Re: Nagios suddenly refuses to start
Posted: Wed Nov 30, 2016 12:02 pm
by dwhitfield
I should have said this earlier in the thread, but now is a good time to think about moving to CentOS 7.
https://wiki.centos.org/FAQ/General#hea ... dde5b75e6d
CentOS-5 updates until March 31, 2017
As for the issue at hand, there have been plenty of updates since your last updates, so let's do a
yum -y update. It's possible that will fix things, but in case not, here are instructions for removing Scite:
https://github.com/LuaDist/scite/blob/master/README. If you run into problems with their removal instructions, you'll need to talk to them.
It looks like GTK is installed with graphviz. Can you post the output of
yum erase gtk2? I just want to see if that is going to remove anything nagios-related before you actually erase it. Of course, if you want to take a snapshot first remove and just see what happens, then that works too. If it blows up, just revert to the snapshot.
Re: Nagios suddenly refuses to start
Posted: Wed Nov 30, 2016 12:25 pm
by Mortus
You were correct on the updates.
Installed:
kernel.x86_64 0:2.6.18-416.el5 kernel-devel.x86_64 0:2.6.18-416.el5
Updated:
bind-libs.x86_64 30:9.3.6-25.P1.el5_11.11 bind-utils.x86_64 30:9.3.6-25.P1.el5_11.11 kernel-headers.x86_64 0:2.6.18-416.el5
nss.i386 0:3.21.3-2.el5_11 nss.x86_64 0:3.21.3-2.el5_11 nss-devel.x86_64 0:3.21.3-2.el5_11
nss-tools.x86_64 0:3.21.3-2.el5_11 tzdata.x86_64 0:2016i-1.el5
The erase has completed. When attempting to run the Nagios service start (command: service nagios start), I now receive this:
Starting nagios:SciTE: error while loading shared libraries: libgtk-x11-2.0.so.0: cannot open shared object file: No such file or directory
done.
Still unsure why it's trying to use scite for anything, since I only use it to edit configs before pushing them up to the git repository.
As far as updating to CentOS 7, I'd love to. However I don't know precisely how Nagios was configured on here (lots of custom configs), so I wouldn't begin to know how to re-establish everything if everything didn't port over properly.
Re: Nagios suddenly refuses to start
Posted: Wed Nov 30, 2016 12:30 pm
by dwhitfield
How are you starting Nagios?
Can you try /usr/local/nagios/bin/nagios -d /usr/local/nagios/etc/nagios.cfg and see if you get the same output?
If that doesn't work, can you post your /usr/local/nagios/etc/nagios.cfg?
Thanks!
Re: Nagios suddenly refuses to start
Posted: Wed Nov 30, 2016 12:35 pm
by Mortus
I get no output when I run that.
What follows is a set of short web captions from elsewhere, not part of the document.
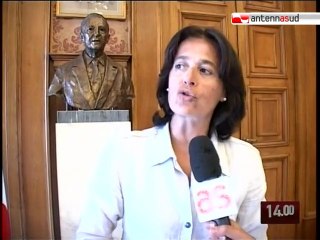 Download Video: TG 26.07.10 Ex Fibronit, un parco dedicato alle vittime dell'amianto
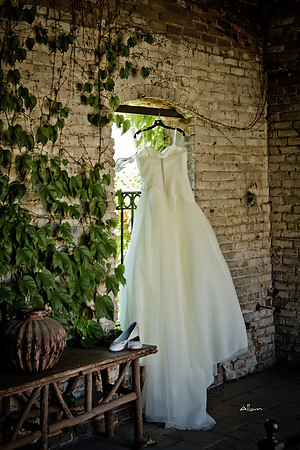Sarah&Kevin-013
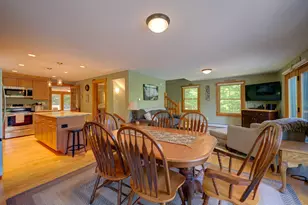 221 Norway Rd, Harrison, ME 04040 - Photo 15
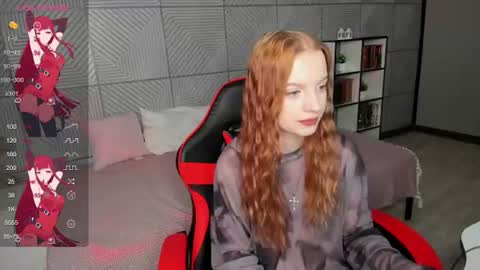 sherrykelly online show from 29, 6, 2026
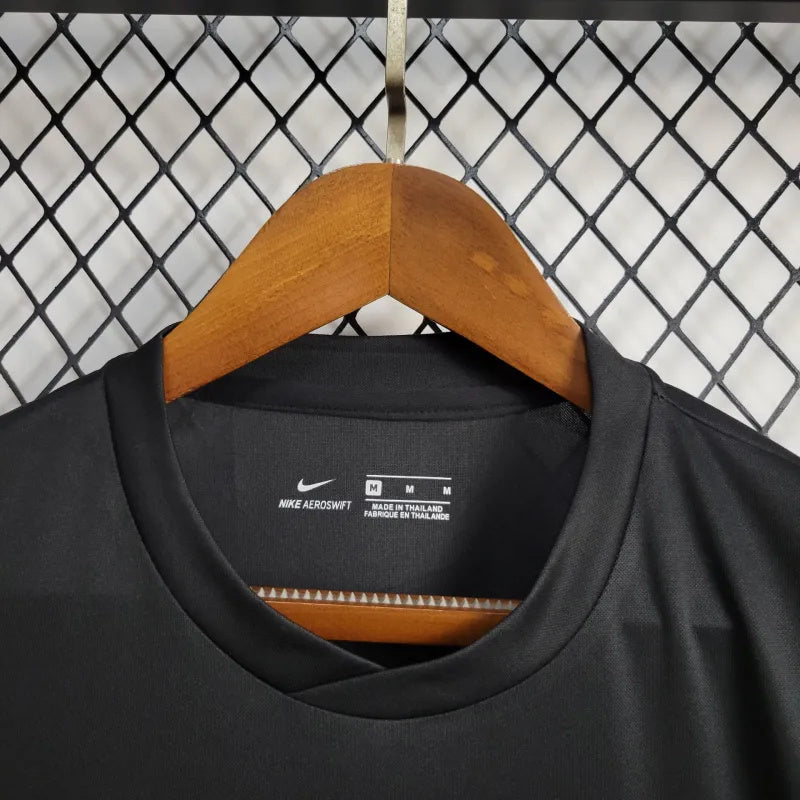 24∕25 Liverpool Casual Shirt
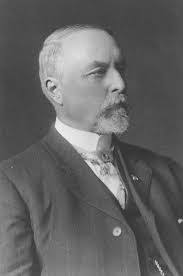 111 Photographs in the glenbow museum Images: PICRYL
I've attached the cfg file here.
Re: Nagios suddenly refuses to start
Posted: Wed Nov 30, 2016 12:47 pm
by dwhitfield
Are you using systemctl start nagios or /etc/rc.d/init.d/nagios start or something else to start Nagios? I just want to look at the startup script to see why it is calling scite.
Are you modifying the configs on the server or pushing them from the desktop?